When I was a young girl, my grandmother used to stress the importance of eating my oatmeal. The main argument usually had something to do with oatmeal being the breakfast of choice for the Queen of England.
I think my grandmother’s intel wasn’t quite right but she was very persuasive. Eventually I learned to appreciate oatmeal as a nutritious breakfast.
Over the years, especially after I started studying herbs, my oatmeal recipe has expanded and multiplied quite a bit. I began using oatmeal as a vehicle for bringing herbs and spices into my daily life.
Today my oatmeal incorporates cinnamon, vanilla, turmeric, goji berries, pumpkin seeds, chia seeds, black seed, sometimes other nuts and seeds, coconut oil, slippery elm (from time to time) and applesauce on the top.
I love complex flavors, but clearly recognize it might be too much for someone else. The base of that recipe (oats and water) still remains an important healthy contribution to my day.
You might know that oats and oat bran are sources of soluble fiber helpful to lower cholesterol, triglyceride and even blood sugar levels. People who eat them regularly are able to better maintain healthy weight or even reduce their weight.
In addition to the seeds in rolled and slow cooked oats, herbal medicine utilizes other parts of plant. Milky seeds and straw are good examples.
Each year for about one week during their growth cycle oats pods containing the seeds, when squeezed, produce a milky substance called latex. These oat seeds are harvested in the milky stage for medicinal use. They are ground and preserved with alcohol or glycerin to make an ‘oat seed tincture’.
One of my teachers David Winston teaches that the best tincture of milky oats is made from fresh seeds. Drying them diminishes the therapeutic activity.
Milky oats are very safe and supportive to your body. Another herbalist Margi Flint, describes milky oats as the mother’s milk in terms of the plant’s emotional effect.
Now let’s look at three different reasons for using oats medicinally
1. Nerve health
Milky oats are an important nervine trophorestorative (otherwise described as food for your nervous system).
This plant have been traditionally used for a variety of disorders related to nervous system. Some examples include anxiety, agitation, irritability, depression, attention deficit hyperactivity disorder, nervous palpitations, nervous exhaustion, enhancement of cognitive function, decrease in cravings from amphetamine/cocaine/caffeine/nicotine withdrawal and more.
Milky oats is a slow remedy that works over time, and is typically a part of a long-term protocol.
2. Skin health
I can remember several episodes when a friend or relative would call asking for something to help with their itching skin. Most families have oats in their kitchen and this treatment is easy to come by.
Whether you have itchy, dry or irritated skin, or suffering from dermatitis, adding raw rolled oats to your bath/shower is a smart thing to do.
I typically recommend putting oats in a cotton sock to avoid clogging your pipes – please make sure to tie the sock. The wet sock can be used on the irritated skin in a bathtub/shower instead of a sponge. The sliminess you’ll feel is a perfect healer and soother for your skin.

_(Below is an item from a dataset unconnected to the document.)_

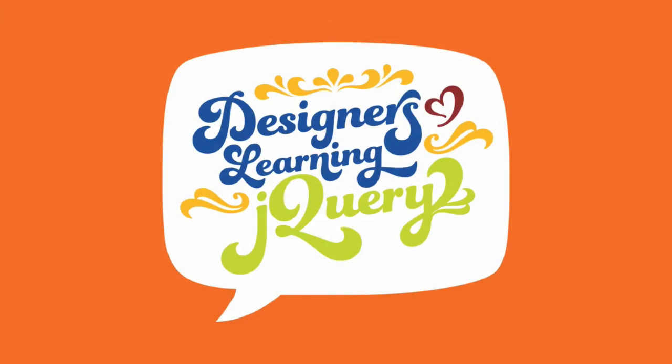Hello everybody, and welcome to episode 11 of Designers Learning jQuery. Today, we're going to talk about the jQuery object. The jQuery object is the magic that makes the jQuery library work as well as it does. Before we can start talking about the jQuery object, there are a couple of key concepts that we have to understand. So let's take a look at those first.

As you have probably figured out by now, I love my nutritious oatmeal. I shared with you the importance of milky oats and rolled seeds.
There is another source of minerals in this plant that you can explore. It’s called oat straw. Sometimes it is sometimes used as tea, but usually better absorbed in capsules.
Companies like Mountain Rose Herbs sell oatstraw that you can use. Another way to go is by exploring herbal formulas that carry it as one of the ingredients.
One word of caution
Patients with Celiac disease are typically recommended to avoid oats due to gluten present in the mature plant. This, however, is not black or white.
There is some contradictory research on whether patients with Celiac disease can tolerate regular consumption of oats.
Questions: What’s your favorite oatmeal recipe? Have you ever heard of all the medicinal uses for this plant?